Thursday, June 30, 2011

Nassau Residents in Bondage

Can I please have $400 million? I need to know by August 1, because if you can't do it, I'll find someone else who will. Need more time to think about it? To figure out how you're going to finance the loan you'll need in order to show me the money? Tell you what. I'll make you a deal. If you can do the math, analyze the long-range implications, consult your advisors, and you decide in my favor, I'll reimburse you for any expenses you incur in the process. But if you decide against me, the costs are on your balance sheet, not mine.

What idiot would take that deal? Apparently, Charles Wang is hoping we will.  We being the taxpayers of Nassau County.

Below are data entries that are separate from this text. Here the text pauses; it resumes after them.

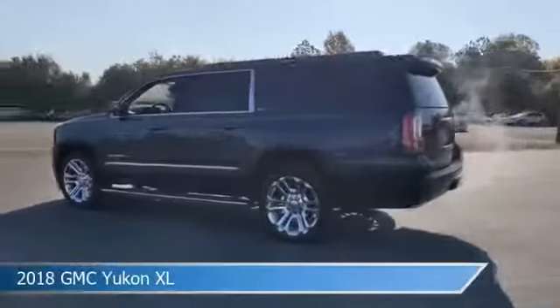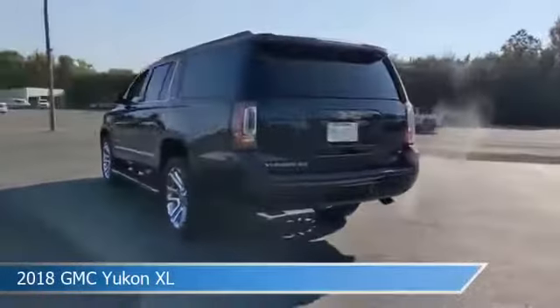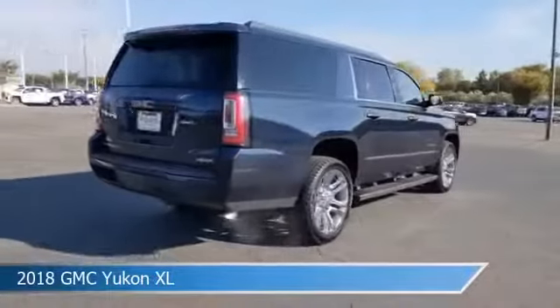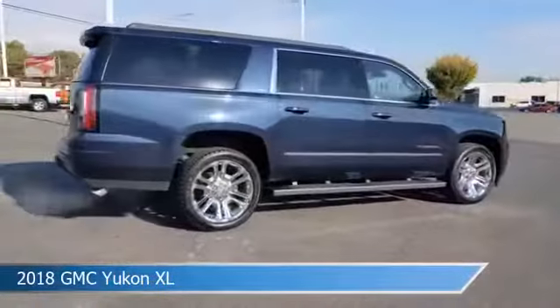Take a look at this 2018 GMC Yukon XL, equipped with a 6-speed automatic transmission in dark sapphire blue metallic.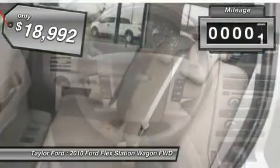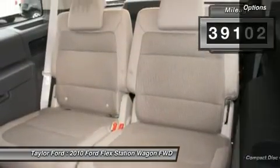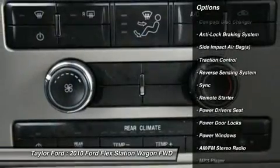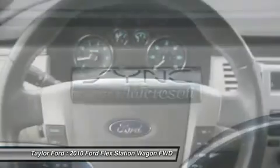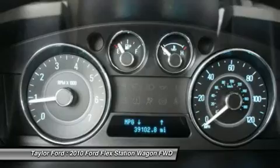This vehicle has less than 40,000 miles. Here are some of this vehicle's great options: traction control, remote engine start, power driver seat, anti-lock braking system, CD changer, dual airbags, power steering, alloy wheels, and front air conditioning.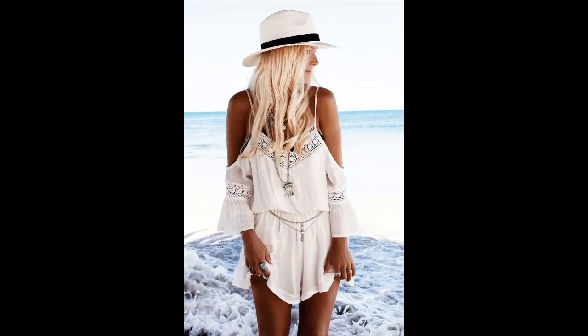An off-shoulder romper is so perfect for sitting on your back deck, walking along the beach, or going on a cruise.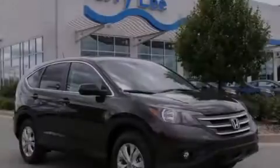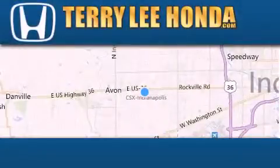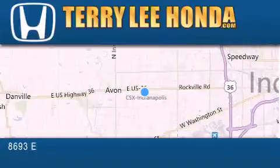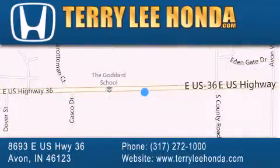Please call us today for more information on this great vehicle. At Terry Lee Honda, we offer new Honda cars in the Indianapolis area, along with used cars, trucks and SUVs by today's top manufacturers. Stop by and visit at 8693 East US Highway 36 in Avon, or see us online at TerryLeeHonda.com.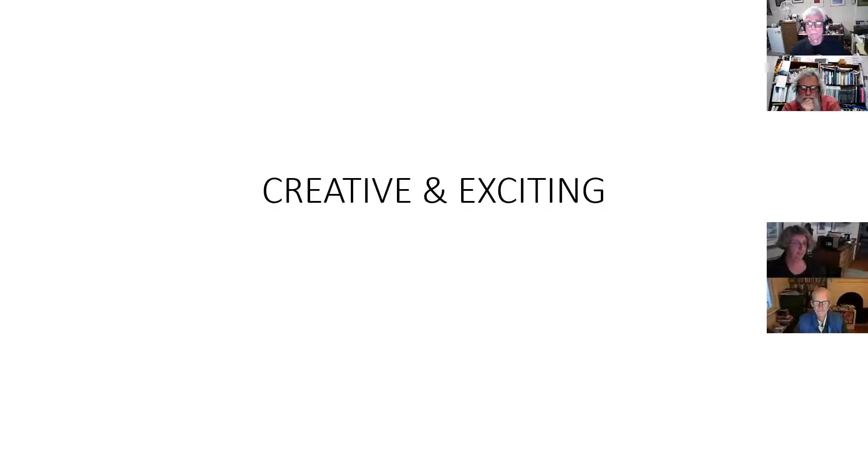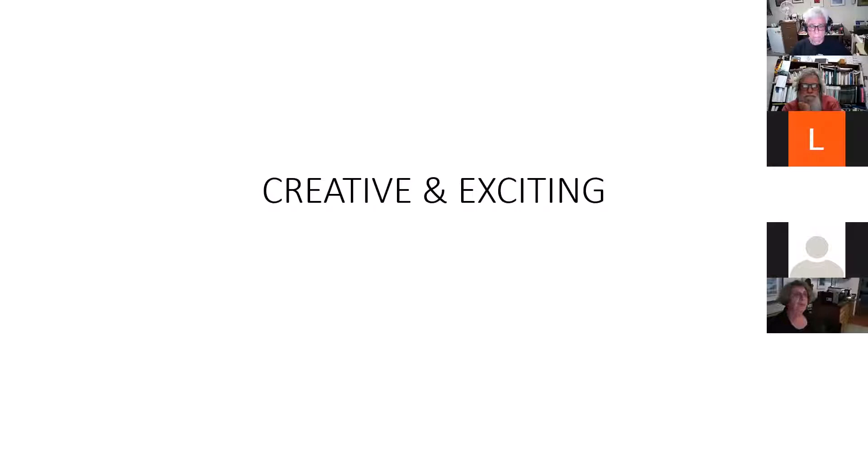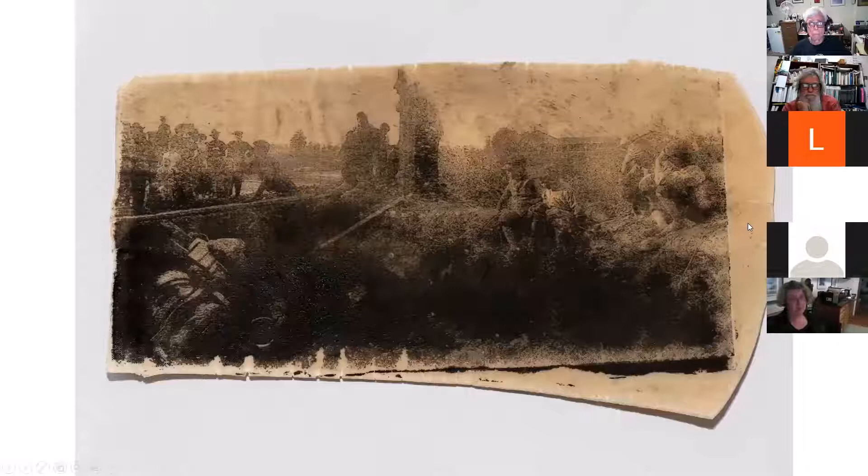Thank you very much for having me this evening, and I hope tonight is valuable. It was fantastic for me to put together this presentation because we live in our own bubbles. I think I know what's happening in the photography world, but it was fantastic to be challenged to think about what I could present that was creative and exciting.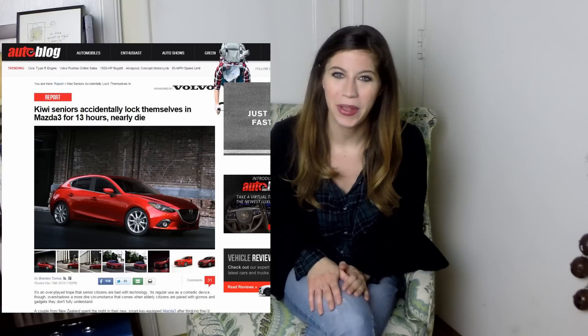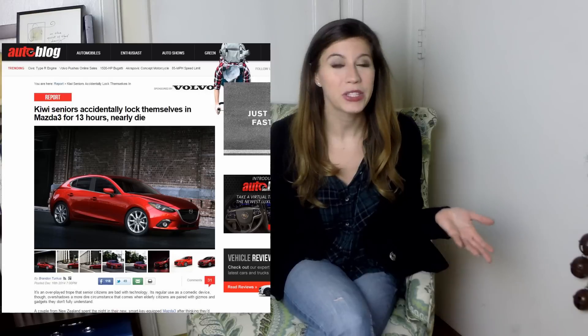Hey guys, so in light of recent events, we decided here at Everything DIY to do a bit of a do-it-yourself special. That's because we stumbled upon a story on Autoblog where a New Zealand couple had locked themselves inside their keyless car because they left the fob key outside of the car. They had attempted to break out methodically — using many different methods — and were stuck in there for like 13 hours and almost died.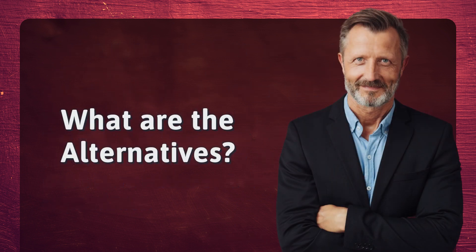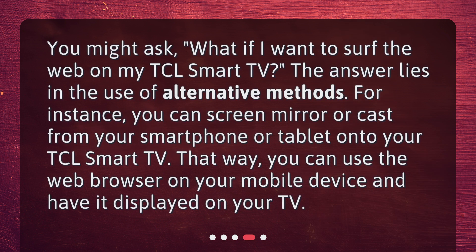What are the alternatives? You might ask, what if I want to surf the web on my TCL Smart TV? The answer lies in the use of alternative methods. For instance, you can screen mirror or cast from your smartphone or tablet onto your TCL Smart TV. That way, you can use the web browser on your mobile device and have it displayed on your TV.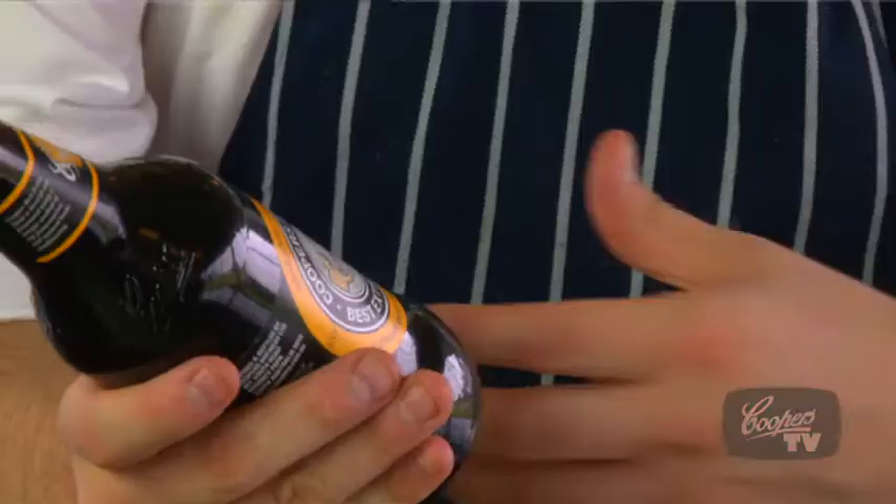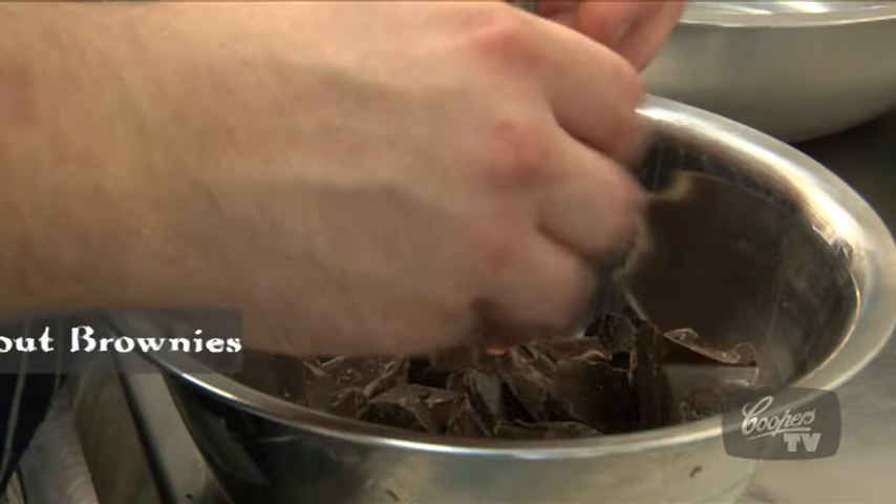Stout brownie is the only dessert in my series of dishes. The dessert almost started out as a bit of a joke or a bit of tongue-in-cheek cooking because I don't think you automatically associate beer and dessert. But as soon as I started thinking about it, it makes perfect sense to use the roasted, toasty notes of stout in a dessert dish with chocolate because they go so well together.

The $400 million in question is the amount of the bond Nassau County will have to float in order to finance a new Coliseum and minor league baseball park at Mitchel Field.  Wang projects that the new complex will throw off at least $14 million a year in sales, as well as additional tax revenues from those sales, which will largely offset the debt service.

Whether or not that is true, and whether or not the project is a good or bad deal for Nassau, incentivizing us to make sure the vote goes his way seems like a stacked deck to me. Wang should either cover the costs of the referendum, however it turns out, as an investment and a show of good faith, or the county should finance it on the merits of the proposal. Paying off financially strapped taxpayers to effect a particular outcome feels suspiciously like graft.

Don't we already have enough of that kind of problem in Nassau without entering into bondage to make that sort of thing official?

Sunday, June 12, 2011

Sugo: Don't Go

Sugar is a necessary if hidden ingredient in many pasta sauces. It cuts the acidity of the tomato and enhances the richness of the flavor. But when the sauce is sweet enough to substitute for dessert, or to provoke the onset of diabetes, someone has used a heavy hand. Such was the case at Sugo a few nights ago, where our disappointing meal was gamely delivered by a frazzled server working the crowded room solo. All in all, it was not a great experience, and although I've always enjoyed Sugo's electic dining room as well as it eclectic menu, we will not be returning any time soon without a clean bill of health from our dentist.

A Pothole for Every Pot Roast

The potholes are back at the Waldbaum's parking lot. Driving there is like navigating a moonscape. For a store that is fighting for its life against the backdrop of a parent company in chapter 11, you would think local management would go out of its way to assure that the shopping experience at their location is as accommodating and enjoyable as possible. Not so in Long Beach. I wonder if the local auto body repair shops will honor Waldbaum's coupons?

Catching Up

Somehow, Memorial Day -- the moral equivalent of New Year's in Long Beach -- has come and gone without proper acknowledgement from me. The oversight is especially grievous since this year the momentous beginning of beach season arrived with uncharasterically magnificant weather -- a reason to shout out, if ever there was one.  Nonetheless, I managed to let it pass without comment.

So, too, did I miss the opportunity to publicly observe the closing -- and subsequent reopening -- of the Long Beach Cinema, developments so significant that they made the news pages not only of the Long Beach Herald and Long Beach Patch, but also of Newsday. I am too late to share the photos I took of the shuttered theatre, the paint peeling from its facade and the poster cases emptied of coming attractions, or even the ones of workmen on ladders redressing these wounds as they prepared the theatre for its second debut, which has since come and gone. Shame on me.

I also failed to rail about the sudden renovation of the restrooms on National Blvd. beach.Not that the refurbishment is unwelcome or unneeded. To the contrary, we neighborhood residents who have frequented National Blvd. beach and suffered the filthy cement-block restrooms season after season, we taxpayers who have repeatedly requested modernization of the unsanitary facility year after year, are suddenly being treated to a makeover. Why? Because the Quik Silver Pro Surfing Championship is coming to town this Labor Day, and the substandard men's and ladies rooms to which we locals have been subjected since anyone can remember are apparently not sufficient for the out-of-towners who will flood our beach for 10 days in September. Adding injury to insult, the renovations are taking place as I write this, and will keep the facilities closed until at least July 4 weekend.

Leave it to our wise City Council to inconvenience the taxpayers, when the work could easily have been completed in the spring, well before the Memorial Day beach start. Only in LB would upgrades be undertaken for the comfort of visitors, the sheer number of whom are almost certain to trample the very improvements that will have been completed for their benefit, presumably on our tax dollars. Leaving local residents, once again, to make do with substandard accommodations for which we have paid one way or another (in dollars, inconvenience or both). In other words, it's business as usual here in Long Beach.